=== Section Start ===
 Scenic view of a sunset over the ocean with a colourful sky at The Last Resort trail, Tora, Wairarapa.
=== Section End ===
=== Section Start ===
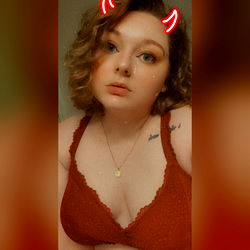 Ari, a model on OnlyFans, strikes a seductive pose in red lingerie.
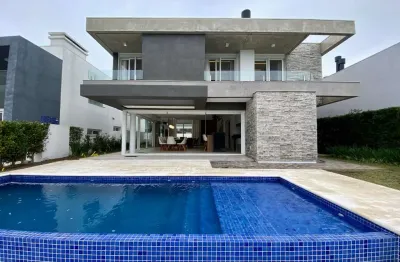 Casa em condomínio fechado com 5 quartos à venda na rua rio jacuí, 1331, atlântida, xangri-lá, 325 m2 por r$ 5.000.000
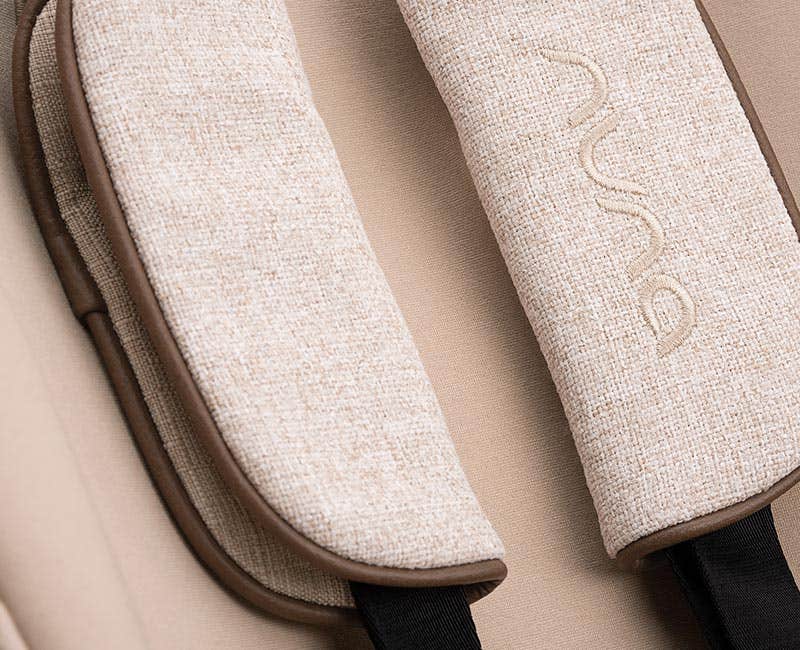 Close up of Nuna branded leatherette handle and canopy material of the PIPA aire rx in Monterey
=== Section End ===
=== Section Start ===
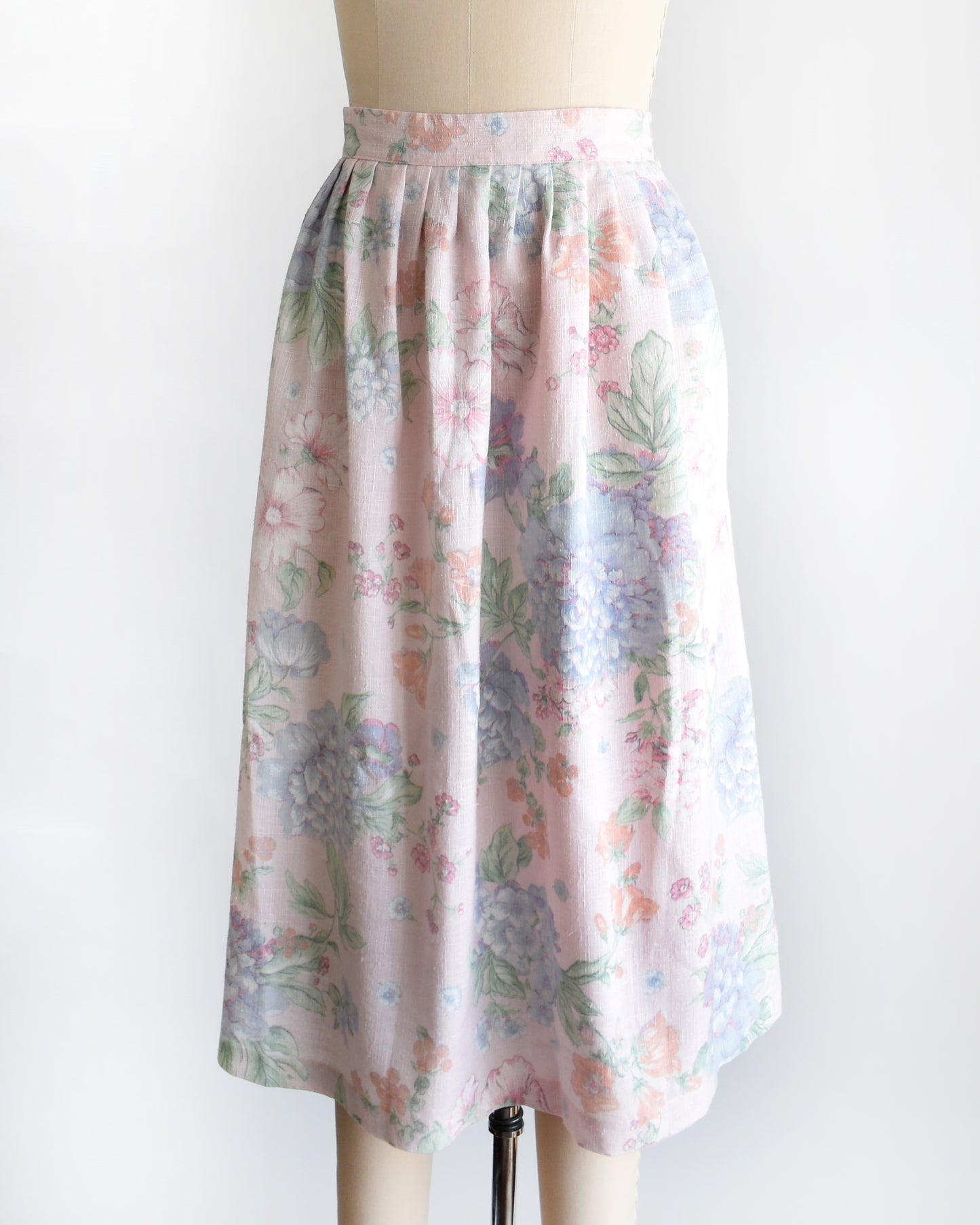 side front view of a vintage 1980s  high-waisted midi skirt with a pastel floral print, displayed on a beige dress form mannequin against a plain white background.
=== Section End ===
Give back the exact lines above, running from the one that has "Ari, a model" through the one that has "Close up of", with nothing added and no pictures.

 Ari, a model on OnlyFans, strikes a seductive pose in red lingerie.
 Casa em condomínio fechado com 5 quartos à venda na rua rio jacuí, 1331, atlântida, xangri-lá, 325 m2 por r$ 5.000.000
 Close up of Nuna branded leatherette handle and canopy material of the PIPA aire rx in Monterey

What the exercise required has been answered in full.